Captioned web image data
──────────

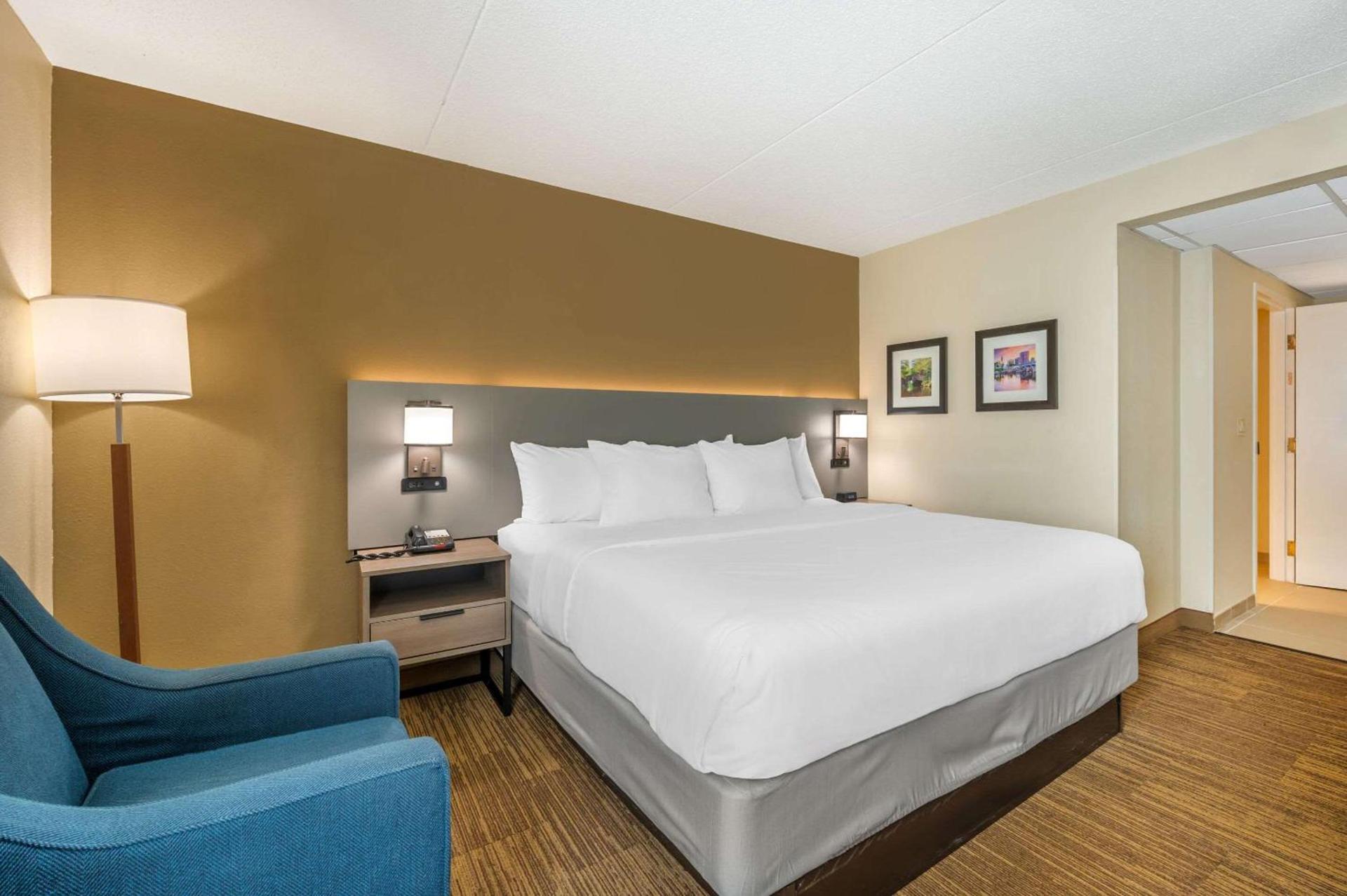 Comfort Inn & Suites East Hartford - Hartford photo 8
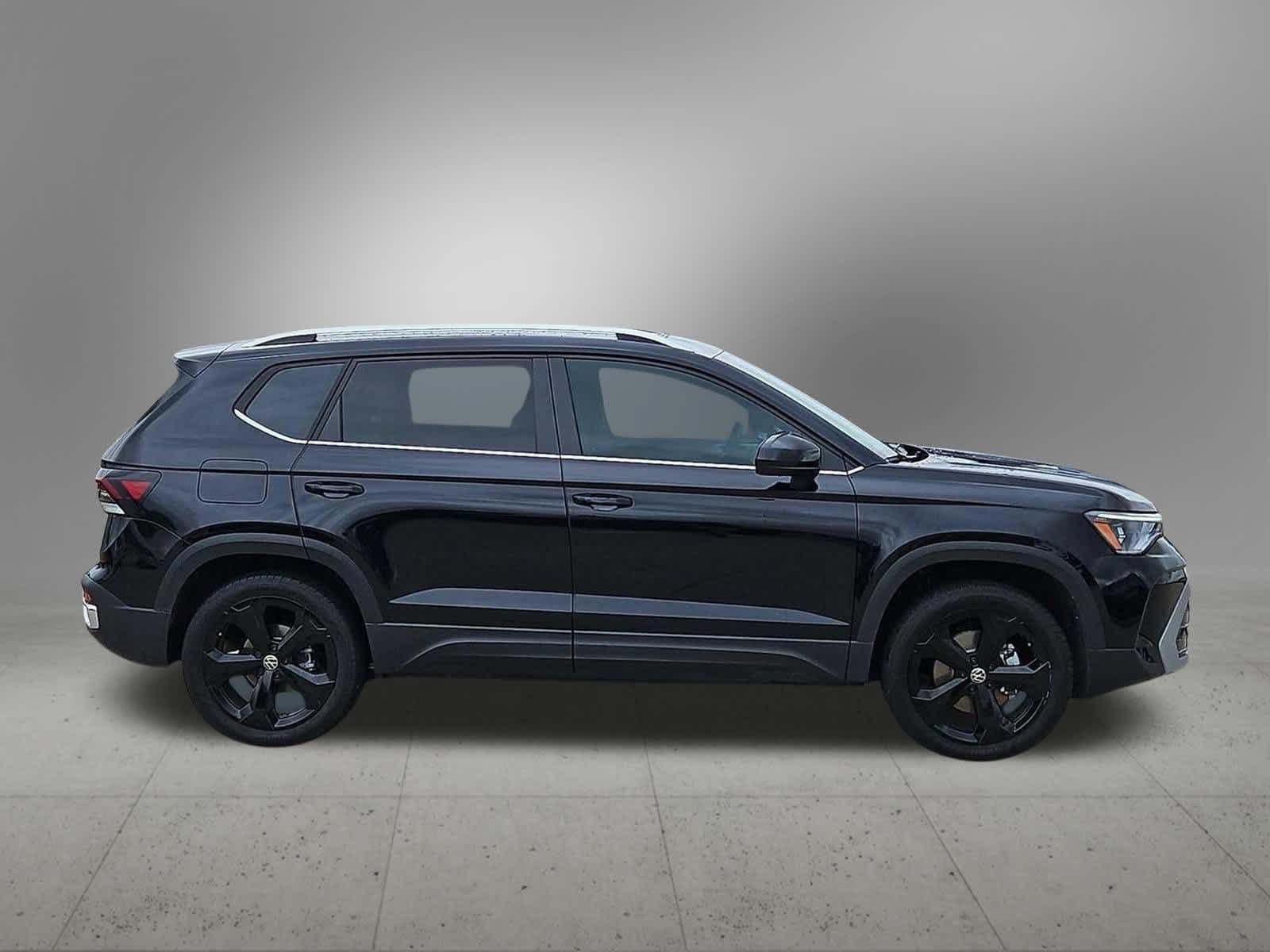 Used 2025 Volkswagen Taos SEL AWD/4WD image 7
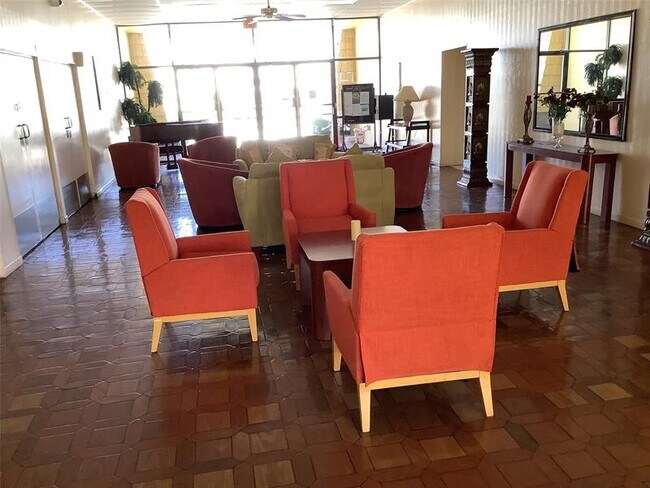 Building Photo - 8220 Sunrise Lakes Blvd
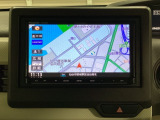 ナビゲーションはフルセグTV対応のメモリーナビ(社外品)を搭載しています。Bluetoothオーディオ機能がありますので、スマートフォンなどの音楽も再生できます。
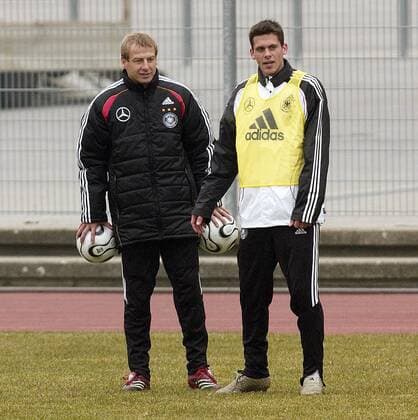 Bundestrainer Jürgen Klinsmann (li.) und Manuel Friedrich (beide Deutschland) während des Trainings Fußball Herren Nationalmannschaft 2006, Nationalteam, Training, Vorbereitung, Vdig Gruppe Düsseldorf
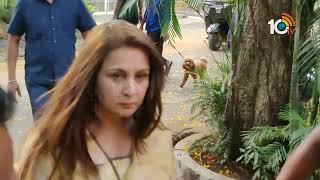 Bollywood Actress Poonam Dhillon Spotted At Yash Chopra House | 10TV Live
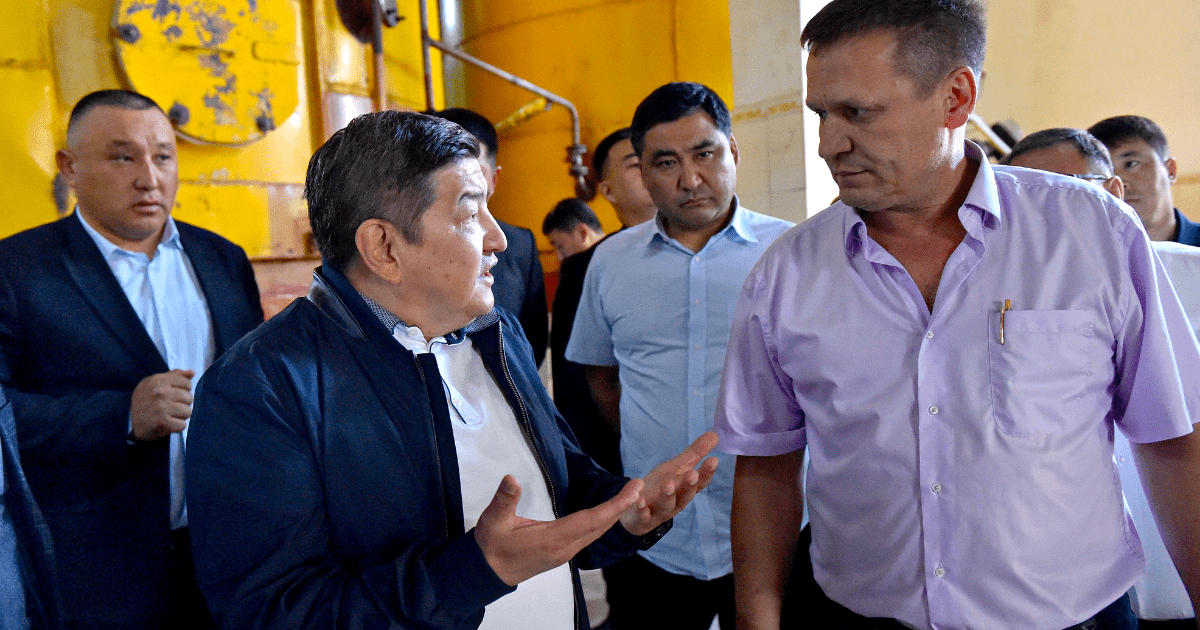 Акылбек Жапаров поручил Кара-Балтинскому спиртзаводу установить новую линию по производству отечественной водки изображение публикации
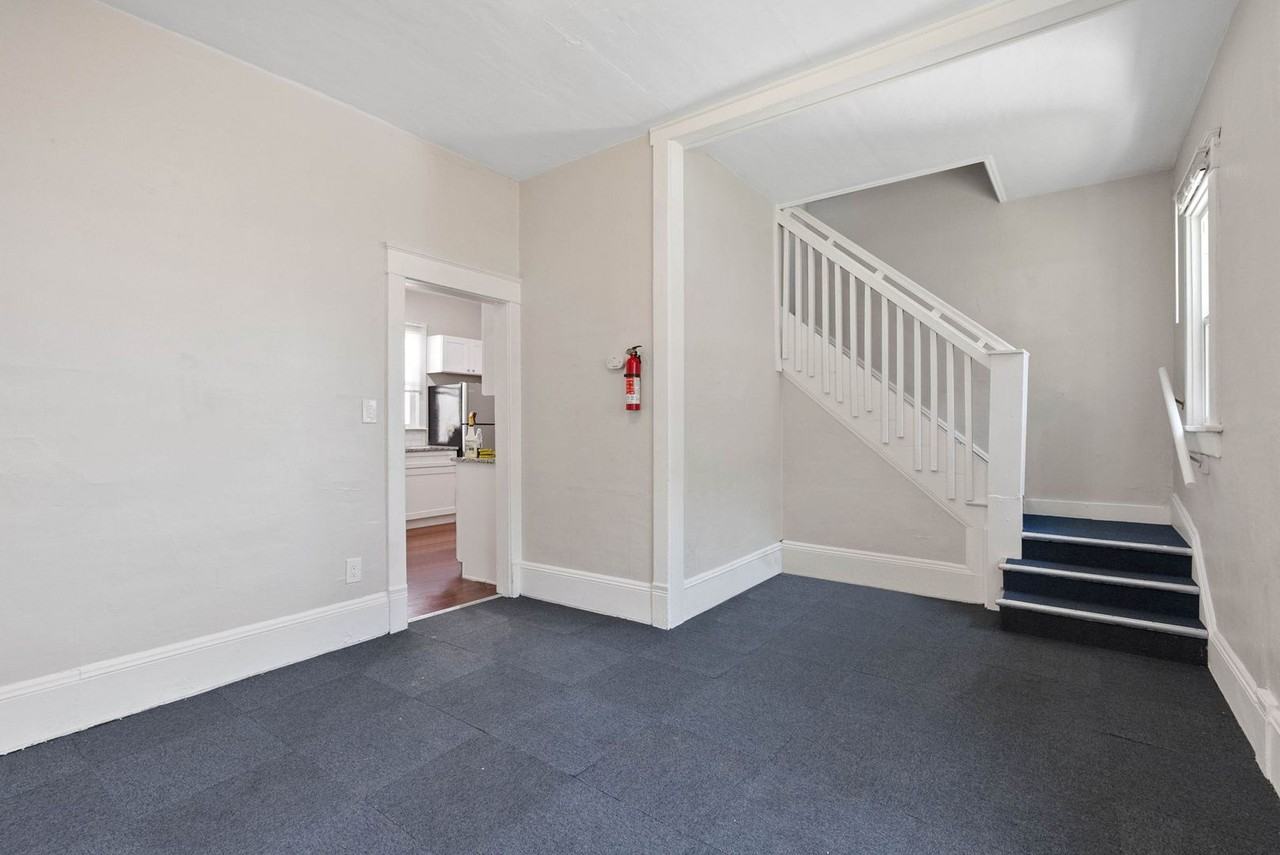 315 6th St - Photo 4 of 37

──────────

* EXERCISE OBJECTIVE: An exact copy of all the data above is required; omit any pictures.

* WRITTEN ANSWER:
 Comfort Inn & Suites East Hartford - Hartford photo 8
 Used 2025 Volkswagen Taos SEL AWD/4WD image 7
 Building Photo - 8220 Sunrise Lakes Blvd
 ナビゲーションはフルセグTV対応のメモリーナビ(社外品)を搭載しています。Bluetoothオーディオ機能がありますので、スマートフォンなどの音楽も再生できます。
 Bundestrainer Jürgen Klinsmann (li.) und Manuel Friedrich (beide Deutschland) während des Trainings Fußball Herren Nationalmannschaft 2006, Nationalteam, Training, Vorbereitung, Vdig Gruppe Düsseldorf
 Bollywood Actress Poonam Dhillon Spotted At Yash Chopra House | 10TV Live
 Акылбек Жапаров поручил Кара-Балтинскому спиртзаводу установить новую линию по производству отечественной водки изображение публикации
 315 6th St - Photo 4 of 37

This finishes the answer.